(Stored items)
=====

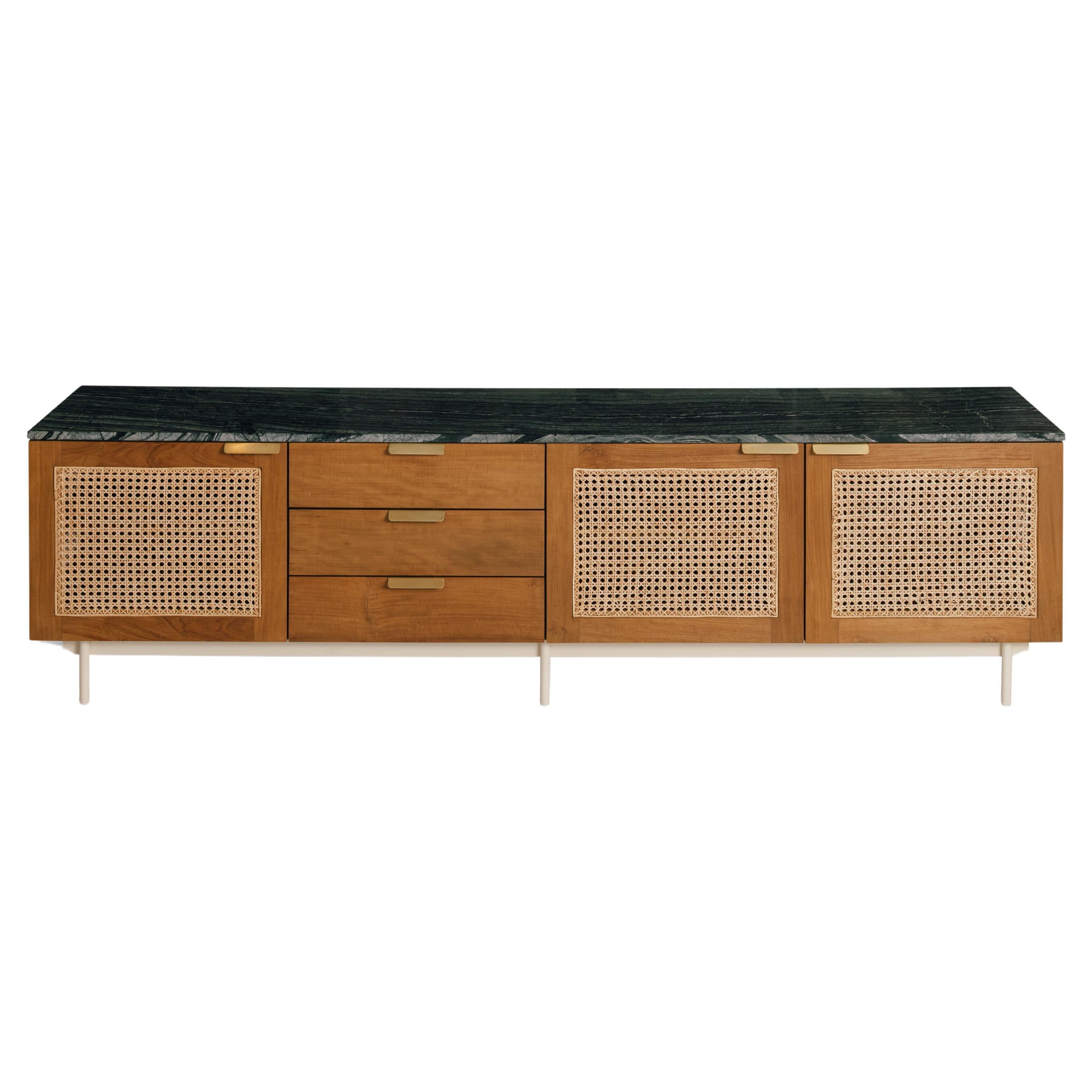 August Cabinet - Mid Century Inspired credenza or sideboard in solid teak For Sale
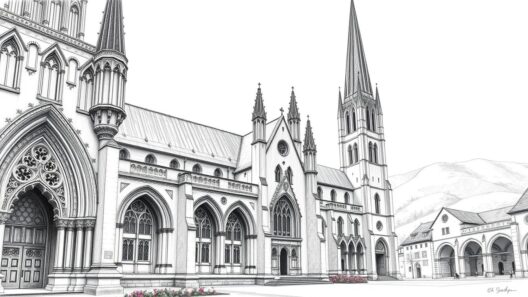 Historische Kirche in der Altstadt mit gotischer Architektur, spitze Türme und beeindruckende Fenster.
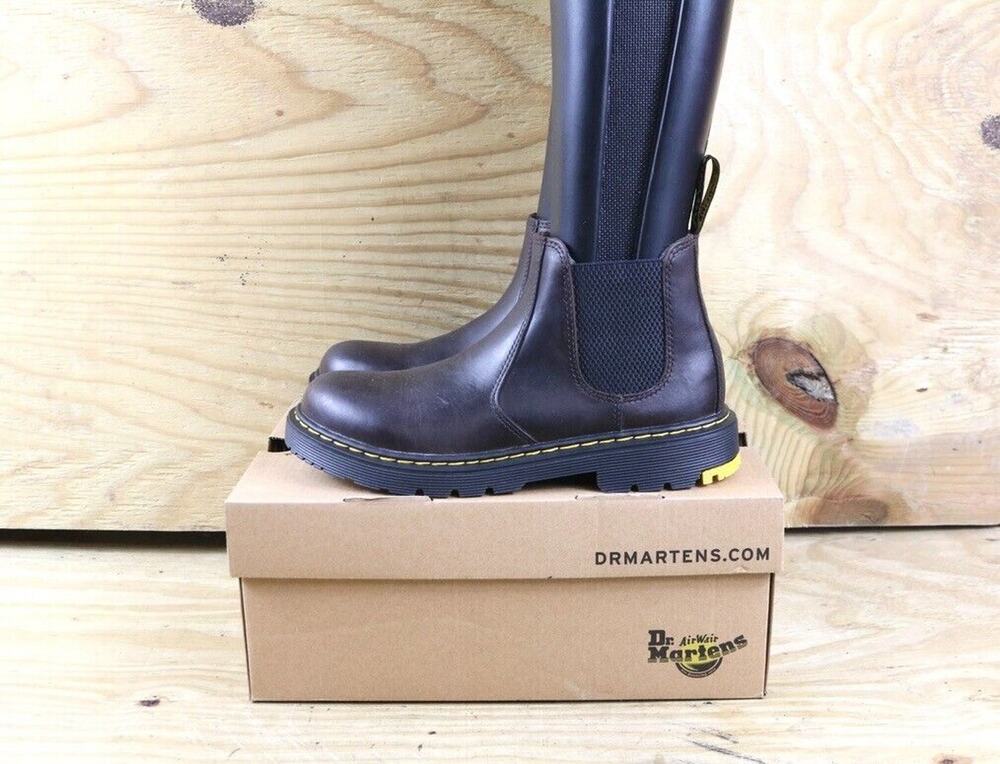 New Doc Dr Martens Boots Womens 8 Brown Leather DM's Winter Grip Chelsea Ankle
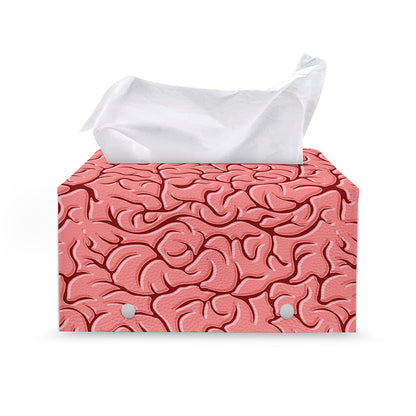 Human Brain Print Leather Tissue Box Cover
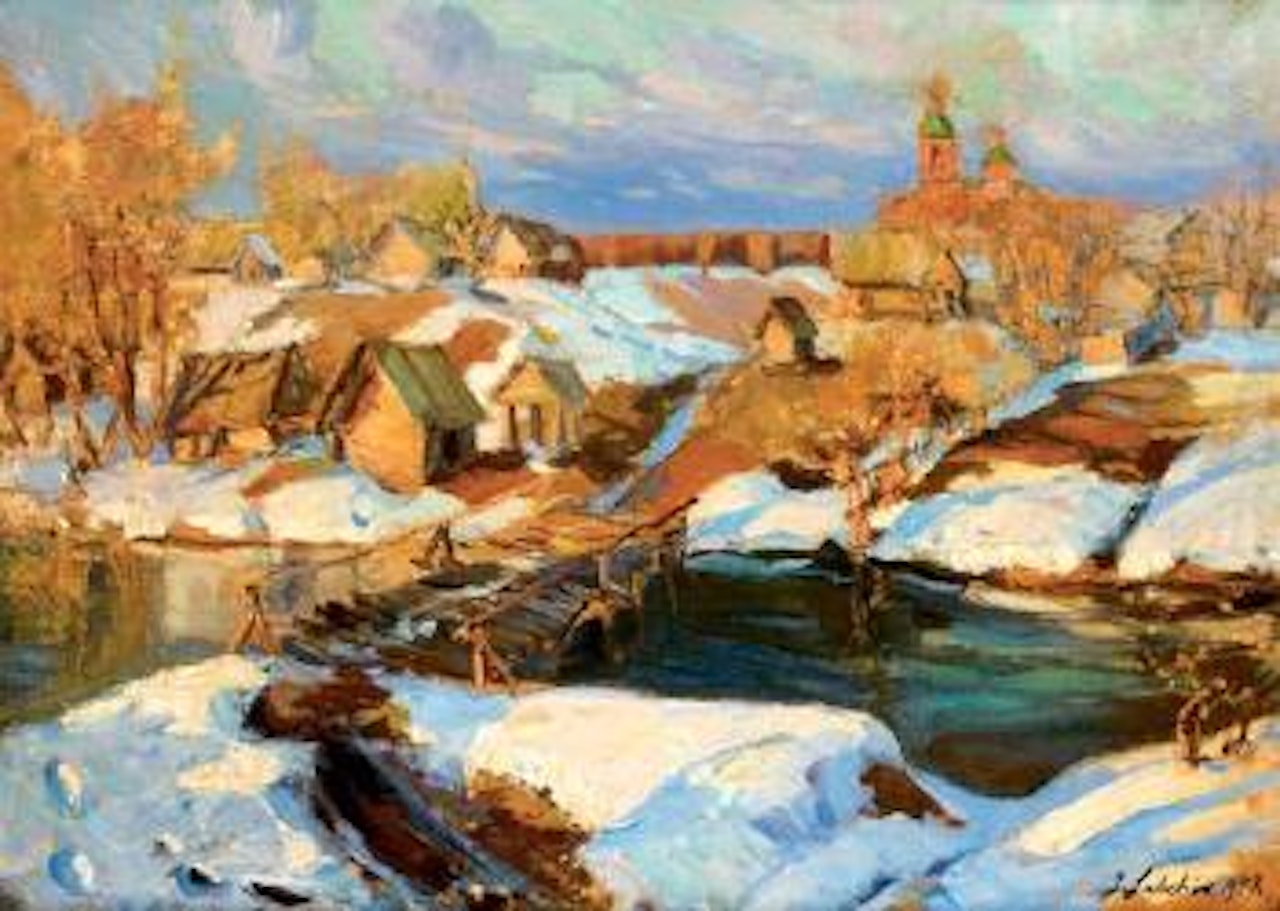 La village russe sous la neige by Georgij Aleksandrovic Lapschin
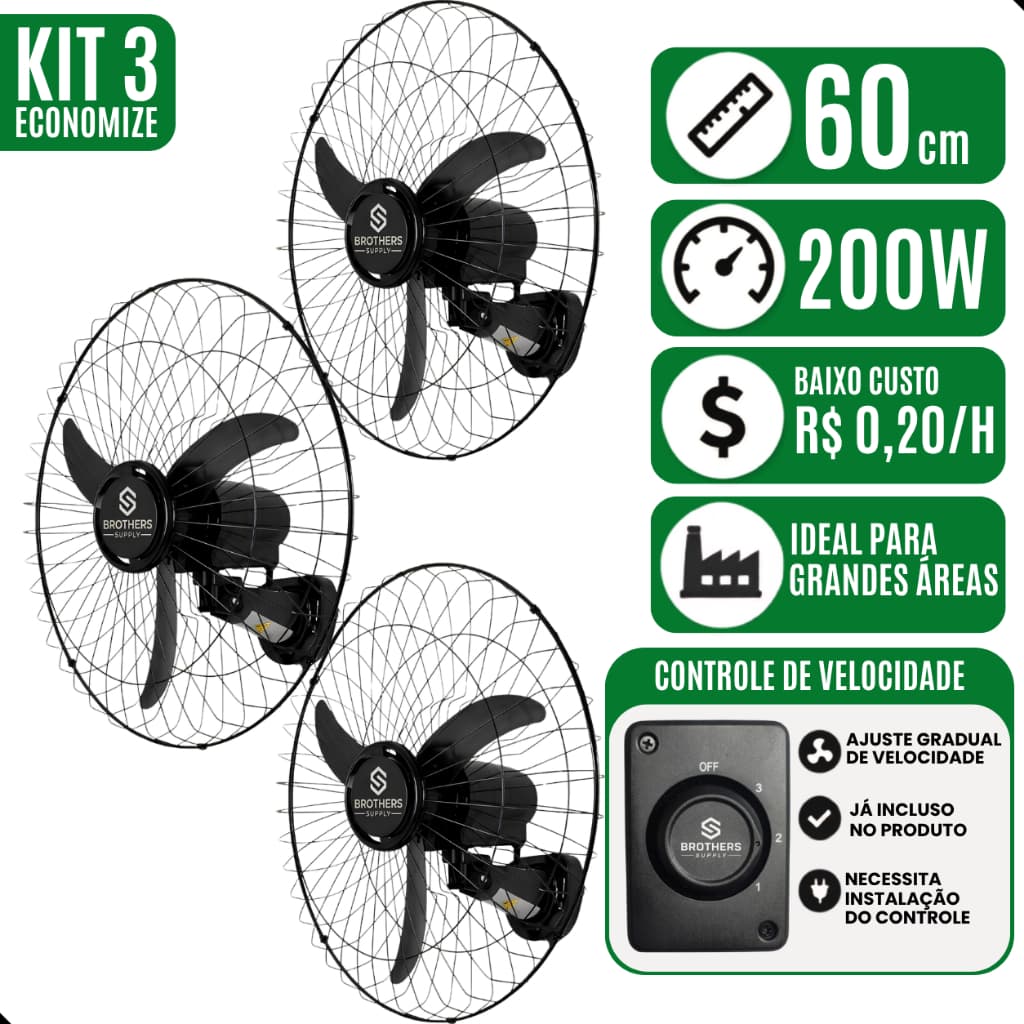 Kit 3 Ventilador de Parede 60cm Oscilante Bivolt Preto 200W Industrial Silencioso 3 Velocidades Loja Galpão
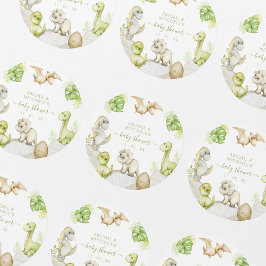 Pegatina Redonda Fiesta de Cumpleaños de Dinosaurio Acuarela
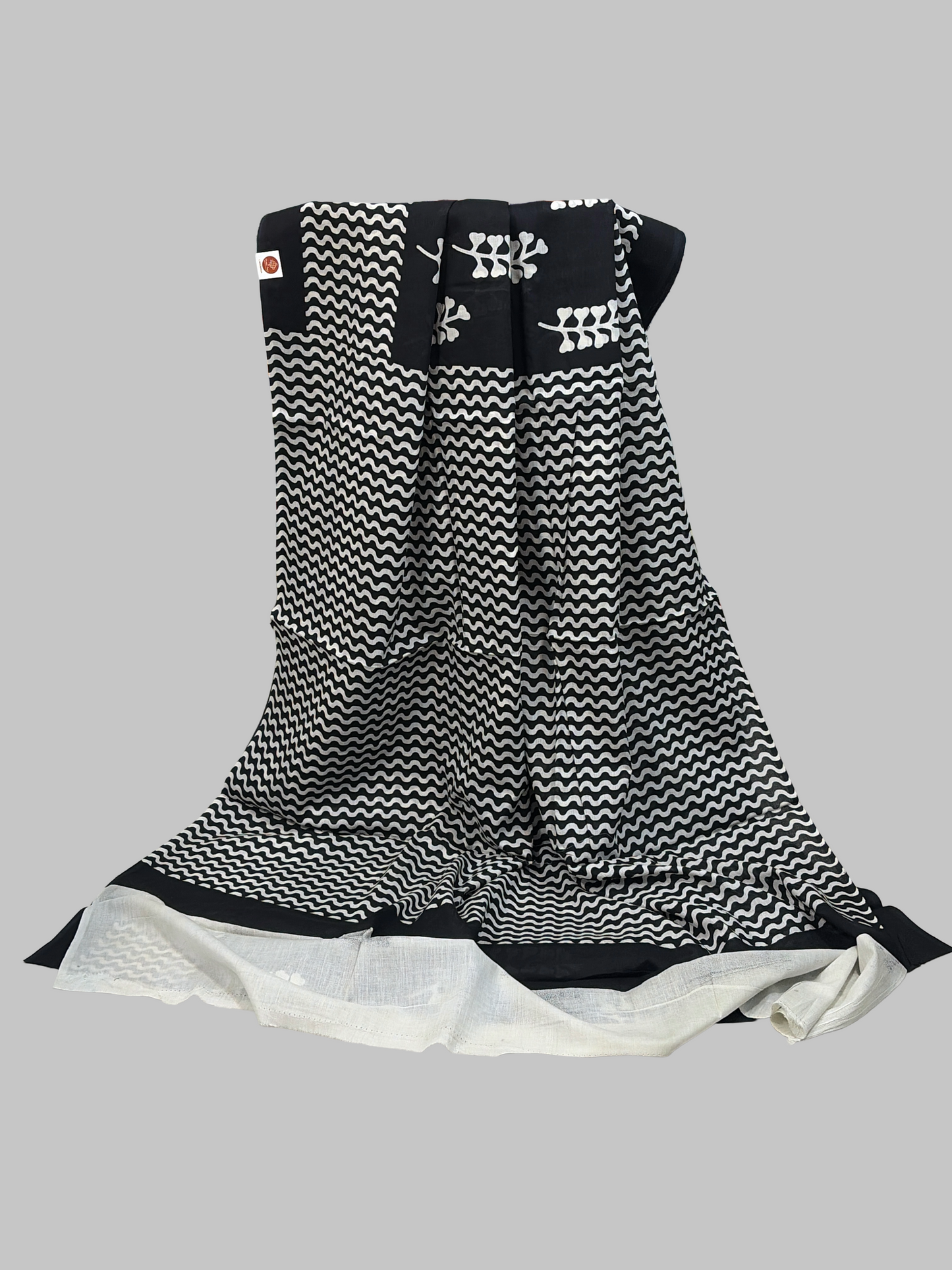 Lawyers' sarees collection- “Classic Contrast – Black & White Mul Cotton Elegance”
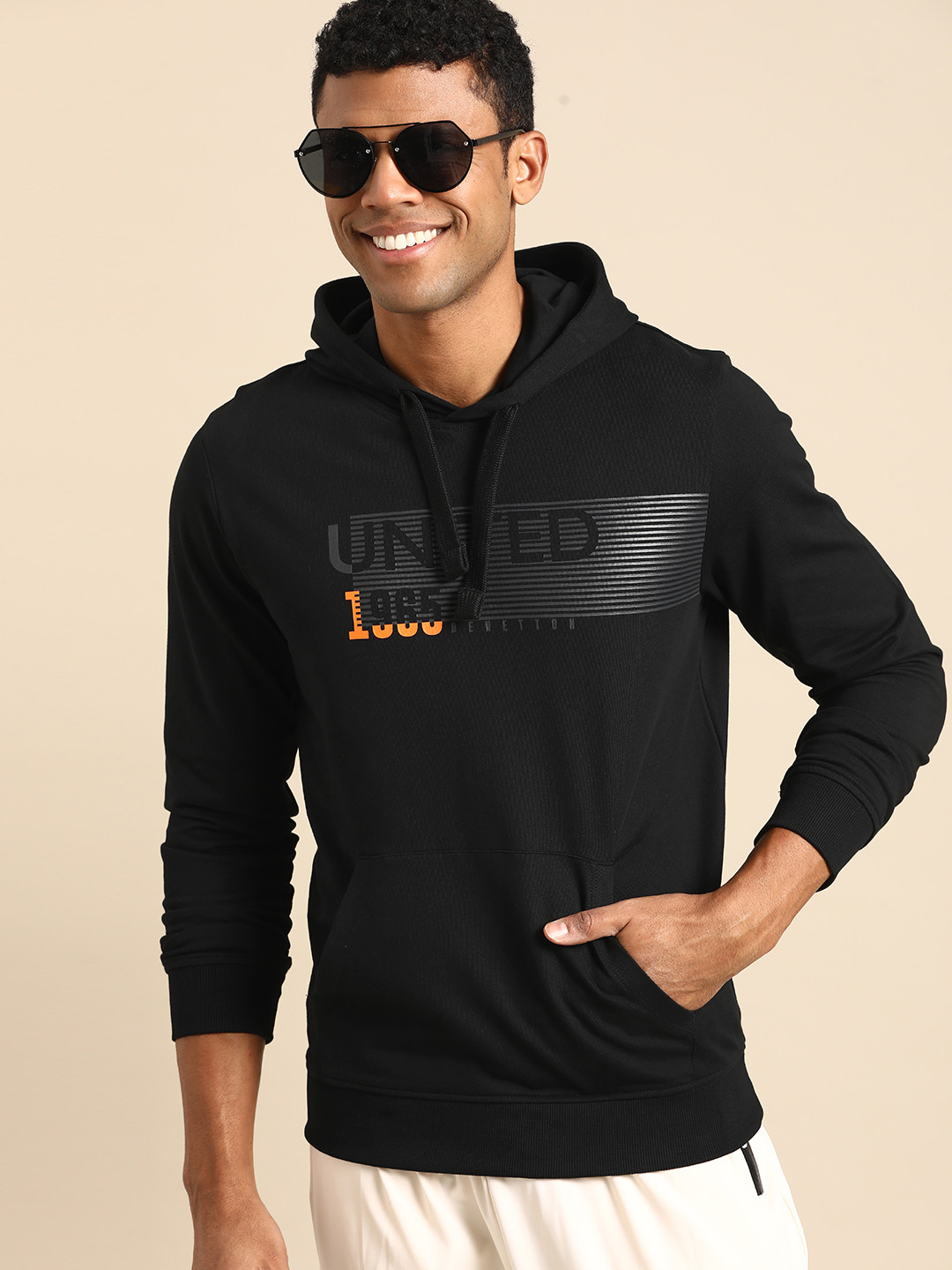 

United Colors of Benetton Brand Detail Printed Pure Cotton Hooded Sweatshirt, Black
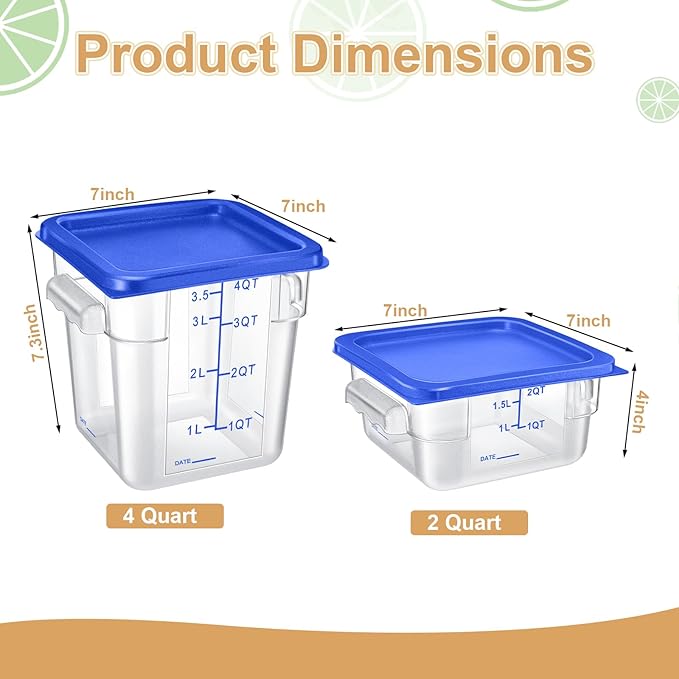 Barydat 4 Pcs Square Food Storage Containers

=====

• Required action
The entries are to be written out again exactly, though without any images.

• Expected answer
 August Cabinet - Mid Century Inspired credenza or sideboard in solid teak For Sale
 Historische Kirche in der Altstadt mit gotischer Architektur, spitze Türme und beeindruckende Fenster.
 New Doc Dr Martens Boots Womens 8 Brown Leather DM's Winter Grip Chelsea Ankle
 Human Brain Print Leather Tissue Box Cover
 La village russe sous la neige by Georgij Aleksandrovic Lapschin
 Kit 3 Ventilador de Parede 60cm Oscilante Bivolt Preto 200W Industrial Silencioso 3 Velocidades Loja Galpão
 Pegatina Redonda Fiesta de Cumpleaños de Dinosaurio Acuarela
 Lawyers' sarees collection- “Classic Contrast – Black & White Mul Cotton Elegance”

United Colors of Benetton Brand Detail Printed Pure Cotton Hooded Sweatshirt, Black
 Barydat 4 Pcs Square Food Storage Containers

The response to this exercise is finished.